Resilience adalah ketangguhan, ketahanan, kelenturan atau fleksibilitas seseorang dalam menghadapi sebuah situasi bermasalah. Resilience berkaitan dengan kemampuan seseorang untuk melakukan adaptasi pada kondisi yang kurang menguntungkan, sehingga mampu membulatkan tekad untuk kembali ‘berdiri’ setelah jatuh dan terpuruk.

 

Apa itu Resilience?

Apabila hidup Anda ‘datar-datar saja’ dan tidak pernah mengalami gejolak sama sekali, Anda tidak akan tahu seberapa tangguh (resilient) diri Anda. Namun ketika Anda dihadapkan pada kendala, stres, atau ancaman, maka resilient akan muncul. Alih-alih menyerah dan mundur, Anda bisa meresponnya dengan berusaha mencari solusi untuk mengatasinya. Lalu, apa sih sebenarnya yang menyebabkan perbedaan respon antara orang yang satu dengan yang lainnya?
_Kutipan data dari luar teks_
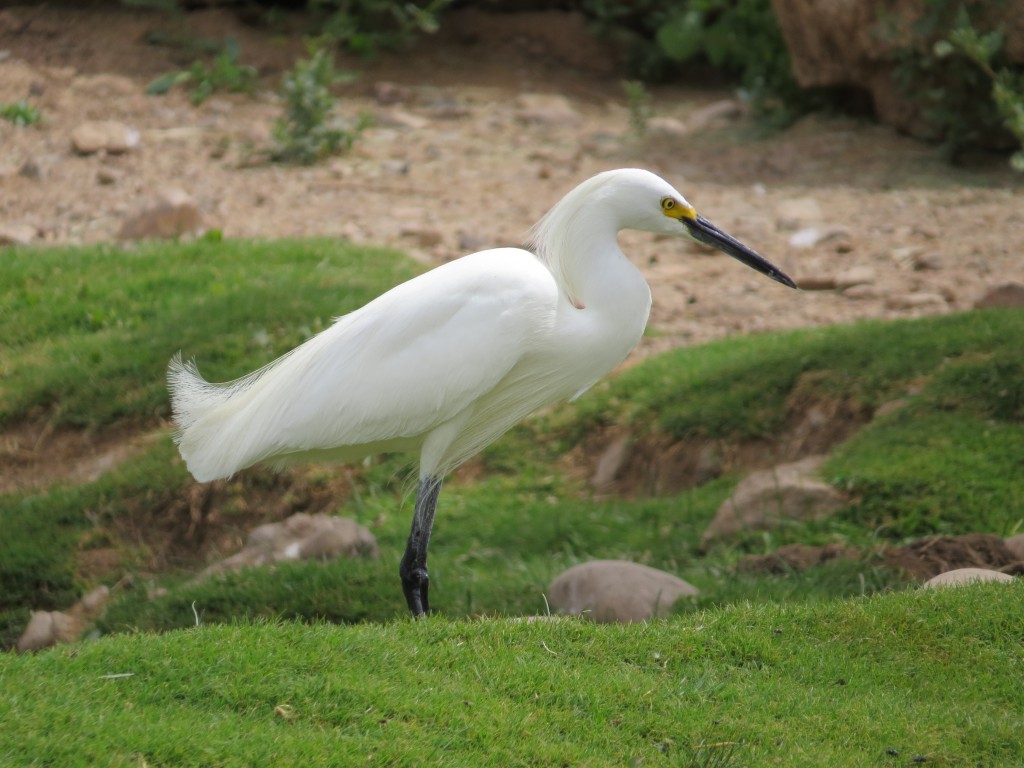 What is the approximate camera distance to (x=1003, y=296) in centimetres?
762

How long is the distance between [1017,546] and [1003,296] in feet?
9.67

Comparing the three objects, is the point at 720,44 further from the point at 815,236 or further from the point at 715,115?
the point at 815,236

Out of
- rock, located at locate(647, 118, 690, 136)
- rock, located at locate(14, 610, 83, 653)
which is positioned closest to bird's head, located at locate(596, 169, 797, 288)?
rock, located at locate(14, 610, 83, 653)

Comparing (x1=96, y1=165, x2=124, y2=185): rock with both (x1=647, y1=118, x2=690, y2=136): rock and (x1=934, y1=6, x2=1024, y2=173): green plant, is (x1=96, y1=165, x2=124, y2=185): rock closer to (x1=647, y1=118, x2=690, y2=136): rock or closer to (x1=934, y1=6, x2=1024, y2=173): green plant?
(x1=647, y1=118, x2=690, y2=136): rock

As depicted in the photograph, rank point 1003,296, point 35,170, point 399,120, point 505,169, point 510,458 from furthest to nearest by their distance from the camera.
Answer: point 399,120 → point 505,169 → point 35,170 → point 1003,296 → point 510,458

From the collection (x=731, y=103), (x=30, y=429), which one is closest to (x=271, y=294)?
(x=30, y=429)

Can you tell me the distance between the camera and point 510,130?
1273 centimetres

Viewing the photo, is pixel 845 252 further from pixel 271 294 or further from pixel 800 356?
pixel 271 294

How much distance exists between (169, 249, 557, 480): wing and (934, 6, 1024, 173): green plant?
547 cm

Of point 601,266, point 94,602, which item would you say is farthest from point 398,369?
point 94,602

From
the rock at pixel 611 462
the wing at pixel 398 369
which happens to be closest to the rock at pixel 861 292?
the rock at pixel 611 462

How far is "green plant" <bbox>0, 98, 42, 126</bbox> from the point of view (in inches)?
453

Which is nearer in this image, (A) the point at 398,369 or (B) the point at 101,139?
(A) the point at 398,369

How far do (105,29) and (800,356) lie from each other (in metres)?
9.65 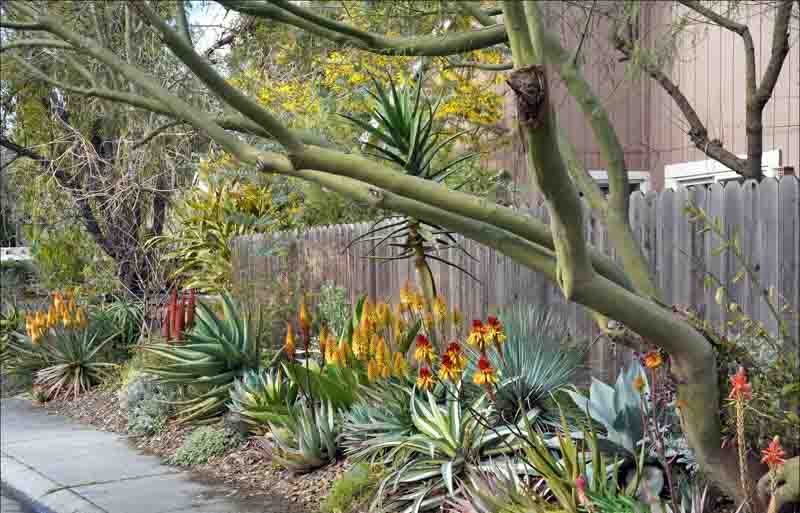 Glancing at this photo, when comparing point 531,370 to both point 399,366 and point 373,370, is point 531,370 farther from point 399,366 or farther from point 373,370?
point 373,370

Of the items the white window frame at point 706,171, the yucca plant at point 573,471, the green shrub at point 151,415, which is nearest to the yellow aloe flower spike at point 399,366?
the yucca plant at point 573,471

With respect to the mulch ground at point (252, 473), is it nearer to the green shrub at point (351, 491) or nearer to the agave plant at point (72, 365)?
the green shrub at point (351, 491)

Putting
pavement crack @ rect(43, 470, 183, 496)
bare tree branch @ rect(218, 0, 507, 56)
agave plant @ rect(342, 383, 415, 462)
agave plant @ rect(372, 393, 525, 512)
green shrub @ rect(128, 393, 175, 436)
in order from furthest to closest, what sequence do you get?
green shrub @ rect(128, 393, 175, 436), pavement crack @ rect(43, 470, 183, 496), agave plant @ rect(342, 383, 415, 462), bare tree branch @ rect(218, 0, 507, 56), agave plant @ rect(372, 393, 525, 512)

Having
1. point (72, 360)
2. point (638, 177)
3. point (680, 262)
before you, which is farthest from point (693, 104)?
point (72, 360)

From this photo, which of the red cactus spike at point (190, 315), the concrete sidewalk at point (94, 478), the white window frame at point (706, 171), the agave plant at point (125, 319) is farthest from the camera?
the agave plant at point (125, 319)

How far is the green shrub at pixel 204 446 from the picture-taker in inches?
350

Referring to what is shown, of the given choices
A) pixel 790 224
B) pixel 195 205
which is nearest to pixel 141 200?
pixel 195 205

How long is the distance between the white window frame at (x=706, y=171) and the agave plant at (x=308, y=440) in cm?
663

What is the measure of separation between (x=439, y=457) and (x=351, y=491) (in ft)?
2.33

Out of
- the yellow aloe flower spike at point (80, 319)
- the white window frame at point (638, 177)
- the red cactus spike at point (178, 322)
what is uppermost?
the white window frame at point (638, 177)

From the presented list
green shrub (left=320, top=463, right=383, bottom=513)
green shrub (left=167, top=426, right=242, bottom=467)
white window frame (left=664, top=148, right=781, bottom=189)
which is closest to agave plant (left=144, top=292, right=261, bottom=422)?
green shrub (left=167, top=426, right=242, bottom=467)

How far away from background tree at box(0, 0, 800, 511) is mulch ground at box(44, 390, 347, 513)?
2821 mm

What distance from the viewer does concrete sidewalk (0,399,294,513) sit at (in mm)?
7434

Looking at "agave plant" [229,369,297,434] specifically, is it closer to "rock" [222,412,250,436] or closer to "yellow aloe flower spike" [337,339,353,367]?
"rock" [222,412,250,436] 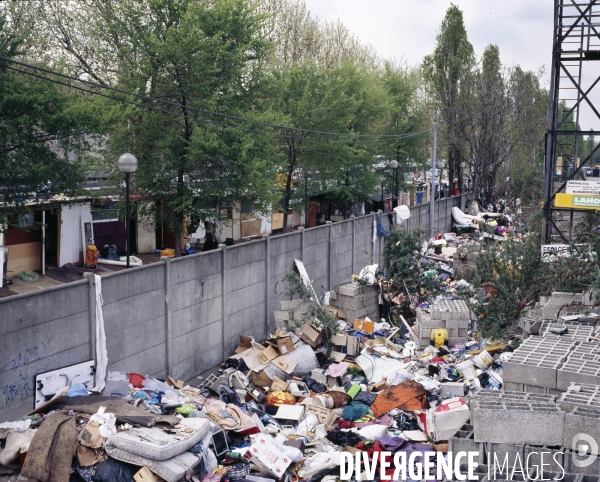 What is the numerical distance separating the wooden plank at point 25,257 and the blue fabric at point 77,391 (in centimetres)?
1343

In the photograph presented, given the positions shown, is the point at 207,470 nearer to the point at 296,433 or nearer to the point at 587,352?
the point at 296,433

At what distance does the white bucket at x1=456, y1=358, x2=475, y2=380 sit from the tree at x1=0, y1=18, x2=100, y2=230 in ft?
36.2

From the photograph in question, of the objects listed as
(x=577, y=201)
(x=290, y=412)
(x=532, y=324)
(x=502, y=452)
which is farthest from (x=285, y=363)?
(x=577, y=201)

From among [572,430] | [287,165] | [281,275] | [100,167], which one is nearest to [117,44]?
[100,167]

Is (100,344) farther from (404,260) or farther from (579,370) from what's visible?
(404,260)

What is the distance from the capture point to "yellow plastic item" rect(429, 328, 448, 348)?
13742 millimetres

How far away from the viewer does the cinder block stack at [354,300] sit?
16219 mm

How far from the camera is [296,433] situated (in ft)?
32.0

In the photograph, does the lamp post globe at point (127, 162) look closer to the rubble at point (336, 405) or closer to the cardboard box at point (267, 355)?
the rubble at point (336, 405)

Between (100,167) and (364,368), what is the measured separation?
11.4m

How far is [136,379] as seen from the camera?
10.4 meters

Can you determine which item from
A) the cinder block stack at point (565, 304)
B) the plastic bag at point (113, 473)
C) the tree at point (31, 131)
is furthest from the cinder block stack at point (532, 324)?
the tree at point (31, 131)

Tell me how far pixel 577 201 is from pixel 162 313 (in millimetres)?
10388

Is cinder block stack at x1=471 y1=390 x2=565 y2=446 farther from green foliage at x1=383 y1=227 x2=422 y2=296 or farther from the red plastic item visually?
green foliage at x1=383 y1=227 x2=422 y2=296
Mengapa ada orang yang tahan banting, sementara yang lainnya mudah stres? Menurut Norman Garmezy, pakar perkembangan anak dari University of Minnesota, kendala, stressor atau ancaman bisa muncul dalam berbagai bentuk. Bisa berupa status sosial ekonomi yang kurang menguntungkan, kondisi rumah yang kurang kondusif, perceraian, sakit kronis, kecelakaan fatal, dlsb.

Tentu saja durasi dan intensitas stressor akan mempengaruhi sikap dan cara seseorang dalam menghadapinya. Untuk stressor yang kehadirannya mendadak, intensitasnya umumnya tinggi. Sebaliknya, jika stressor berasal dari sesuatu yang sudah berlangsung lama (kronik), intensitasnya lebih rendah.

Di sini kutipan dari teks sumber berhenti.